Pfizer (PFE) has been aggressively trading and gaining FDA approval for new products and indications in recent years, but COVID-19 has generated tens of billions of dollars in profits over the past few years. (COVID-19) All of that has been overshadowed by the phenomenal success of the product. .
The company released its financial results on Tuesday, with mixed results. Earnings per share came in at $1.08, compared to an expected loss of $0.18, but revenue fell short of expectations at $14.4 billion, instead reporting $14.25 billion.
Wall Street is looking for the company's next big thing now that the company's surge in revenue from coronavirus products has taken a backseat, including $3.5 billion returned to the U.S. government for unused courses of Paxlobid treatment.
“With a lack of near-term catalysts and a pipeline lacking clear anchor assets, we see no clear path to a meaningful revaluation of the stock,” JPMorgan analysts said in a note Tuesday. Stated.
Pfizer CEO Albert Bourla has announced his next big move after completing the $43 billion acquisition of Seegen, an oncology company specializing in treatments using antibody-drug conjugates (ADCs). He said that the event has already arrived.
ADCs are gaining popularity in oncology because they serve as a less harmful way to treat cancer by delivering chemotherapy in a way that is less damaging to healthy cells.
“ADC technology is now the hottest thing in M&A. Every company is trying to find an ADC,” Bourla told Yahoo Finance. Only a single product can be added to the pipeline.
“I think Seagen is an anchor platform. With Seagen, you get a whole platform for multiple products,” he added.
And it's a platform that Pfizer is already familiar with, having launched its first product, Mylotarg, in 2000. However, Pfizer withdrew it from the market in 2010 after study results showed the doses used were more toxic than chemotherapy. In 2017, Pfizer successfully revived the drug in a reduced dose for use in cancer patients.

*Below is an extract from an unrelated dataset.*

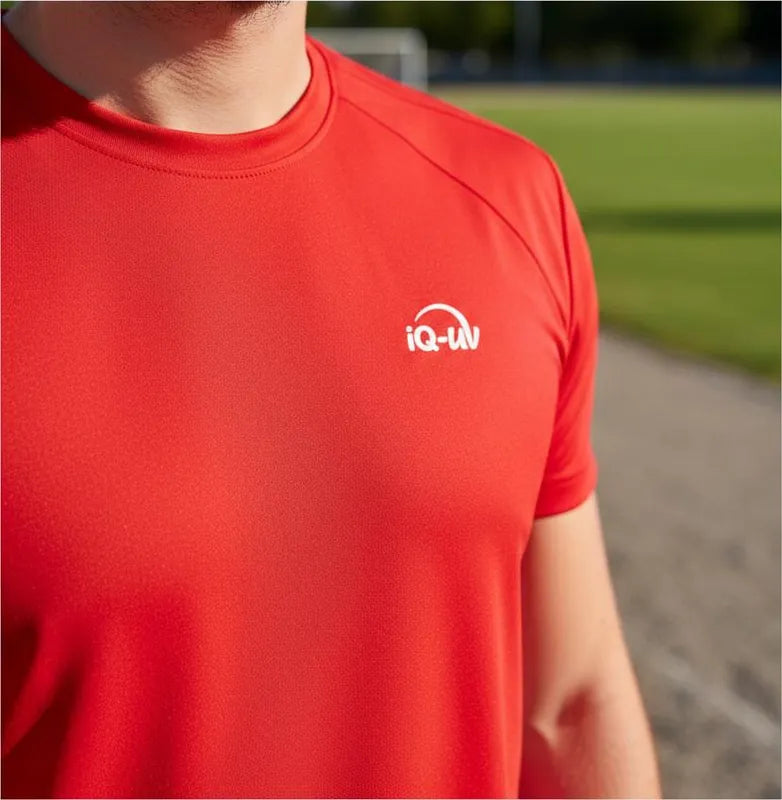 Polera manga corta corte recto hombre con filtro solar UPF 300+ marca IQ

Analysts say Seagen's bet favors Pfizer in two ways. One, it gives the company a new blockbuster product (or several) in the pipeline built on its hot ADC platform, and it also fills multiple holes in revenue from patent expirations in the second half of 2016. It means it's useful. 10 years.

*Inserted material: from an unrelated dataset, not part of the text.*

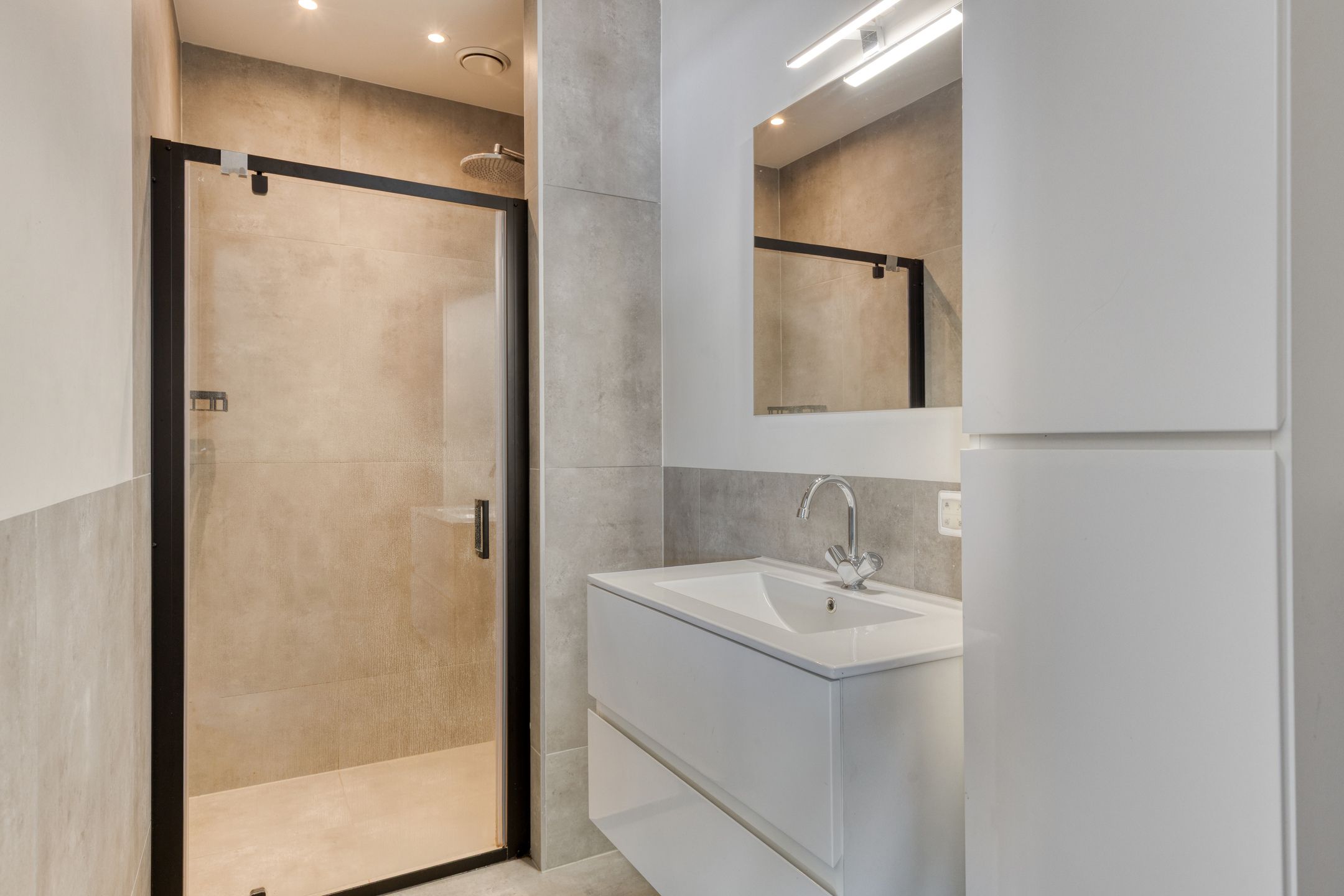 Foto 21 van Leenderweg 55-A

That's why Pfizer has furiously kept Wall Street apprised of its every move, both large and small, both in M&A and approvals.
“I don't think the Street is missing anything. I think the Street is disappointed because we've been below our initial expectations for COVID revenue. I'm just waiting to see how we perform. It's just there,” Bourla said.

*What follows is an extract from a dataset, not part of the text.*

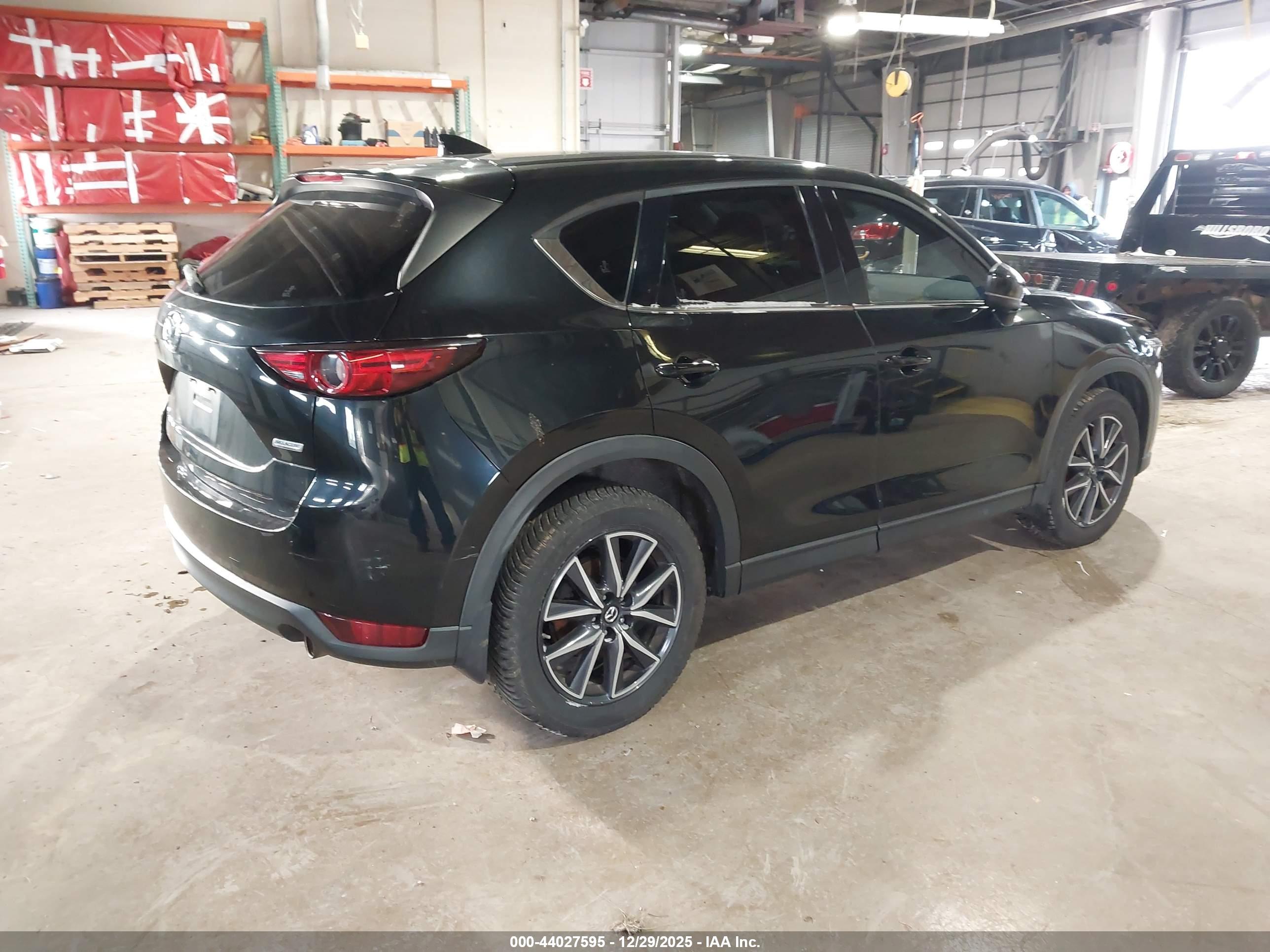 MAZDA CX-5 image 4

However, the stock price does not reflect investors' optimism. At about $27 per share, the stock is well below pre-pandemic levels and has fallen more than 37% over the past year.
Investors are waiting to see if that happens, with Seagen's drug Padcev on track to bring in $3.1 billion in revenue this year. For the first time in several quarters, more analysts are recommending buying Pfizer after the company's results on Tuesday. There are currently 12 buy recommendations, 9 hold recommendations, and 1 sell recommendation.
Anjalee Khemlani is a senior health reporter at Yahoo Finance, covering all areas of pharma, insurance, care services, digital health, PBM, and health policy and politics.Follow Anjali on all her social media platforms @AjKhem.